To generate the declarations for location enums used throughout the code base and update cryptohome/error/locations.h
, run the following command:
(cros_sdk) /mnt/host/source/src/platform2 $ ./cryptohome/error/tool/location_db.py --update
The checks are ran with unit test builds, i.e. FEATURES=test emerge-$BOARD cryptohome
.
However, to run the checks manually:
(cros_sdk) /mnt/host/source/src/platform2 $ ./cryptohome/error/tool/location_db.py --check
If we have a location UMA value that is found in the UMA or error log, we can look it up with the tool, for example:
(cros_sdk) /mnt/host/source/src/platform2 $ ./cryptohome/error/tool/location_db.py --lookup 5 INFO:root:Using cryptohome source at: /mnt/host/source/src/platform2/cryptohome Value 5 is kLocChalCredDecryptSPKIPubKeyMismatch and can be found at: ./challenge_credentials/challenge_credentials_decrypt_operation.cc:94
If we have a stack of error location and wishes to decode it, we can run the tool:
(cros_sdk) /mnt/host/source/src/platform2 $ ./cryptohome/error/tool/location_db.py --decode 5-6-7 INFO:root:Using cryptohome source at: /mnt/host/source/src/platform2/cryptohome kLocChalCredDecryptSPKIPubKeyMismatch=5 @ ./challenge_credentials/challenge_credentials_decrypt_operation.cc:94 kLocChalCredDecryptSaltProcessingFailed=6 @ ./challenge_credentials/challenge_credentials_decrypt_operation.cc:99 kLocChalCredDecryptNoSalt=7 @ ./challenge_credentials/challenge_credentials_decrypt_operation.cc:112
It is possible to get frequent merge conflicts in error/locations.h. To resolve them, it is recommended to revert all changes in error/locations.h before the rebase, then re-run the tools after the rebase. This can be done by:
Reverting changes in error/locations.h:
(cros_sdk) /mnt/host/source/src/platform2 $ common_ancestor=`git merge-base cros/main HEAD`; \ cl_count=`git rev-list --count "${common_ancestor}"...HEAD`; \ for i in `seq $(expr ${cl_count} + 1) -1 2`; do \ GIT_SEQUENCE_EDITOR="sed -i -e '${i}i x git checkout HEAD^ -- \ cryptohome/error/locations.h && git add --all && git commit --amend \ --no-edit'" \ git rebase -i "${common_ancestor}"; \ done;
Then rebase as usual.
Then re-apply the changes by re-running the tools:
(cros_sdk) /mnt/host/source/src/platform2 $ common_ancestor=`git merge-base cros/main HEAD`; \ cl_count=`git rev-list --count "${common_ancestor}"...HEAD`; \ for i in `seq 2 $(expr ${cl_count} + 1)`; do \ GIT_SEQUENCE_EDITOR="sed -i -e '${i}i x \ /mnt/host/source/src/platform2/cryptohome/error/tool/location_db.py \ --update && git add --all && git commit --amend --no-edit'" \ git rebase -i "${common_ancestor}"; \ done;
Note that this technique should not be applied when cherry-picking across branches. See the section on cherry-picking across branches.

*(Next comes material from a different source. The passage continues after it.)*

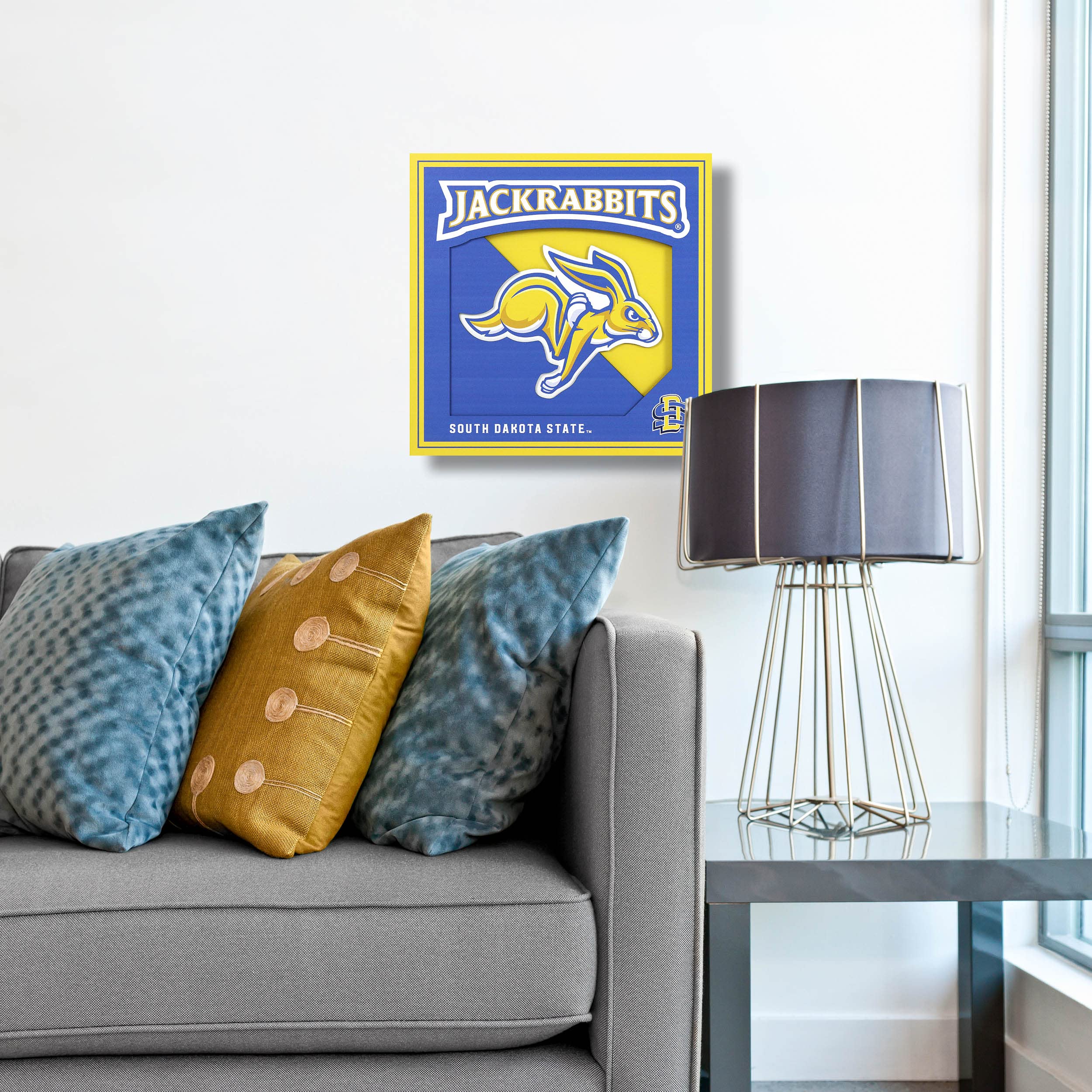 YouTheFan NCAA South Dakota State Jackrabbits 3D Logo Series Wall Art-12x12 - Sports Collectibles, Sports Memorabilia, Sports Fan Shop, Sports Gifts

The location_db.py tool can also be used to decode numeric TPM error, for example:
(cros_sdk) /mnt/host/source/src/platform2 $ ./cryptohome/error/tool/location_db.py --decode-tpm 0x7004 (cros_sdk) /mnt/host/source/src/platform2 $ ./cryptohome/error/tool/location_db.py --decode-tpm 5
Both hexadecimals and decimals are supported.
In order to ensure that the error location ID reported in all branches are the same, when cherry-picking across branches, one should not run the location_db.py tool, and instead should manually resolve any merge conflict, keeping the error ID defined in locations.h consistent across branches.